Financial executives should have a role in supply chain operations, as cross-functional collaboration yields better results in wholesale distribution.
An article on CFO.com discusses how financial executives and supply chain managers can work together to develop realistic financial forecasts. Often, sales forecasting is conducted in silos, and the forecast is not reflective of a company’s capabilities.
CFOs “can provide a balance between the often more aggressive push by sales departments to hit targets and the more deliberate pace of operations in providing products the sales team wants to sell,” the article says.
The sales department’s forecast should be tempered by information gathered from supply chain leaders about their ability to fulfill sales projections.

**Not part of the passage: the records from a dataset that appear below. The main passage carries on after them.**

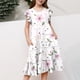 thumbnail image 4 of Vestido de Verano de Manga Corta para Niñas Estampado Floral de Bolsillo de Cuello Redondo Top Casual para Niños, 4 of 5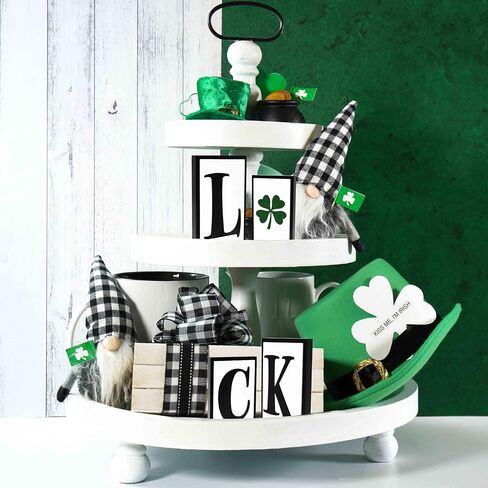 St. Patrick’s Day Luck Wooden Block Sign Set – 4 Piece Shamrock Tabletop Decor – Rustic Irish Farmhouse Tiered Tray Shelf Mantel Decoration in Saudi Arabia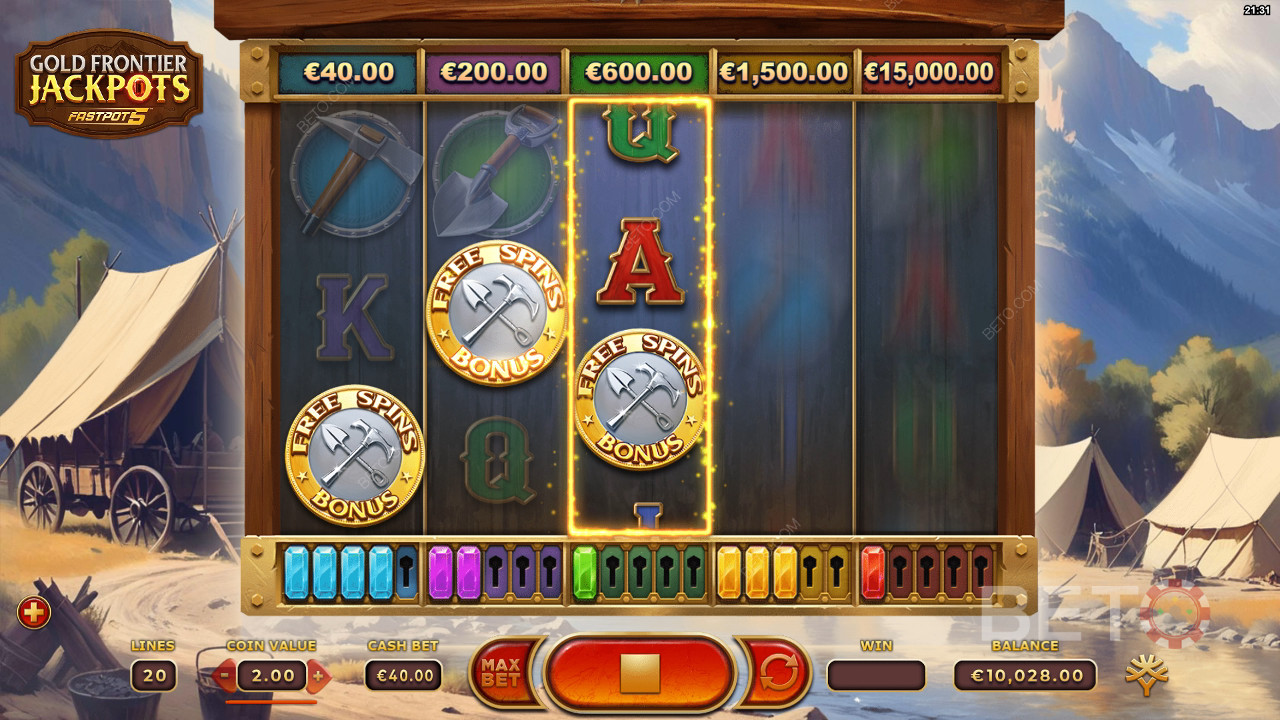 Gold Frontier Jackpots FastPot5 评论 by BETO Slots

One option not mentioned in the article is performance of an analysis of the profitability of multiple alternative sales and production plans that involve collaboration among stakeholders from all functional areas of the business.
However, to make this collaboration efficient and effective, a robust budgeting and forecasting tool should be implemented that allows for collaborative input from stakeholders in sales, production and finance. The plan should allow for purpose-built input templates where the interdependencies between the departments can be modeled.
For example, sales forecasts for a certain quantity of specific items might exceed production or storage capacity. Always remember that, at some point, money must come into play.
At too many organizations, all that’s forecasted is sales. But what if the organization must ramp up production and add another warehouse to meet the more aggressive sales forecast? Those investments need to be financed. That’s why collaboration is crucial to ensure profitability.
Executives from all areas of the business should collaborate, but the tools should also be in place to make this an efficient and effective exercise. That’s the value of a robust ERP application and having the capability to have the software look at the whole continuum of your business.